SUPPLEMENTAL DISCLOSURES OF NON CASH ACTIVITIES
                 
From inception on August 25, 2006 through March 31, 2012, the Company issued 69,737 shares of common stock for converted debt in the
 
   amount of $265,000, at fair value of $3.80 per share. .
                       
                         
 
The accompanying notes are an integral part to these financial statements


 
6

 

CARBON SCIENCES, INC.
(A Development Stage Company)
NOTES TO FINANCIAL STATEMENTS-UNAUDITED
MARCH 31, 2012



1. 
Basis of Presentation
The accompanying unaudited financial statements have been prepared in accordance with accounting principles generally accepted in the United States of America for interim financial information and with the instructions to Form 10-Q and Rule 10-01 of Regulation S-X.  Accordingly, they do not include all of the information and footnotes required by generally accepted accounting principles for complete financial statements. In the opinion of management, all normal recurring adjustments considered necessary for a fair presentation have been included.  Operating results for the three month period ended March 31, 2012 are not necessarily indicative of the results that may be expected for the year ending December 31, 2012.  For further information refer to the financial statements and footnotes thereto included in the Company's Form 10-K for the year ended December 31, 2011.

Going Concern
The accompanying financial statements have been prepared on a going concern basis of accounting, which contemplates continuity of operations, realization of assets and liabilities and commitments in the normal course of business.  The accompanying financial statements do not reflect any adjustments that might result if the Company is unable to continue as a going concern.  The Company does not generate significant revenue, and has negative cash flows from operations, which raise substantial doubt about the Company’s ability to continue as a going concern.  The ability of the Company to continue as a going concern and appropriateness of using the going concern basis is dependent upon, among other things, additional cash infusion.  The Company has obtained funds from its shareholders since its inception , and believes this funding will continue, and is also actively seeking new investors.  Management believes the existing shareholders and the prospective new investors will provide the additional cash needed to meet the Company’s obligations as they become due, and will allow the development of its core of business.

2. 
SUMMARY OF SIGNIFICANT ACCOUNTING POLICIES

This summary of significant accounting policies of Carbon Sciences, Inc. is presented to assist in understanding the Company’s financial statements. The financial statements and notes are representations of the Company’s management, which is responsible for their integrity and objectivity. These accounting policies conform to accounting principles generally accepted in the United States of America and have been consistently applied in the preparation of the financial statements.
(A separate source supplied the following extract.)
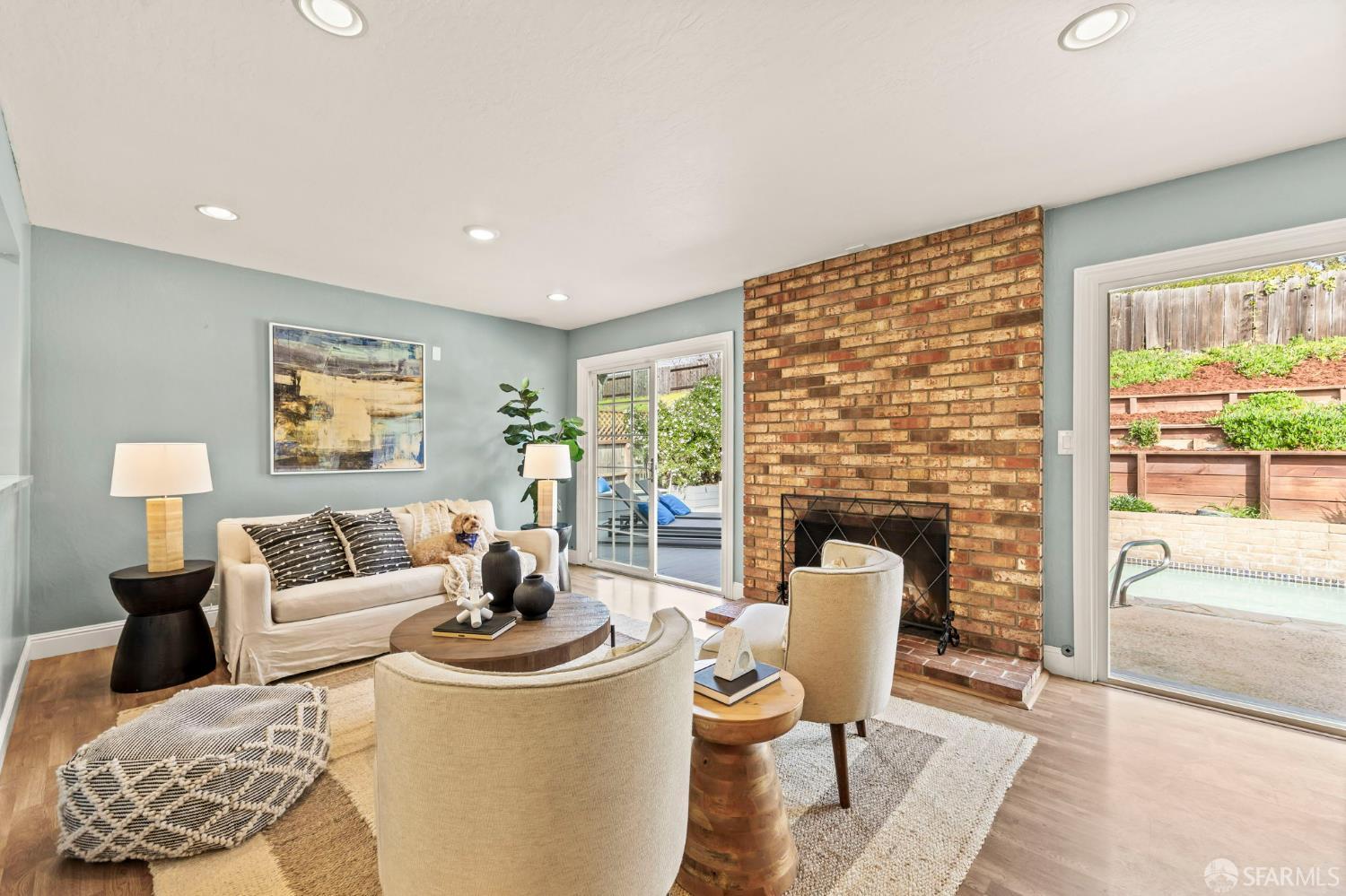 Detail Gallery Image 6 of 59 For 1548 Fieldcrest Dr, Pleasant Hill,  CA 94523 - 4 Beds | 2/1 Baths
Development Stage Activities and Operations
The Company is in its initial stages of formation and has insignificant revenues. A development stage activity is one in which all efforts are devoted substantially to establishing a new business and even if planned principal operations have commenced, revenues are insignificant.

Revenue Recognition
The Company will recognize revenue when services are performed, and at the time of shipment of products, provided that evidence of an arrangement exists, title and risk of loss have passed to the customer, fees are fixed or determinable, and collection of the related receivable is reasonably assured. To date, the Company has had no revenues and is in the development stage.

Cash and Cash Equivalents
The Company considers all highly liquid investments with an original maturity of three months or less to be cash equivalents.

 
 
 
7

 

CARBON SCIENCES, INC.
(A Development Stage Company)
NOTES TO FINANCIAL STATEMENTS-UNAUDITED
MARCH 31, 2012
2. 
SUMMARY OF SIGNIFICANT ACCOUNTING POLICIES (Continued)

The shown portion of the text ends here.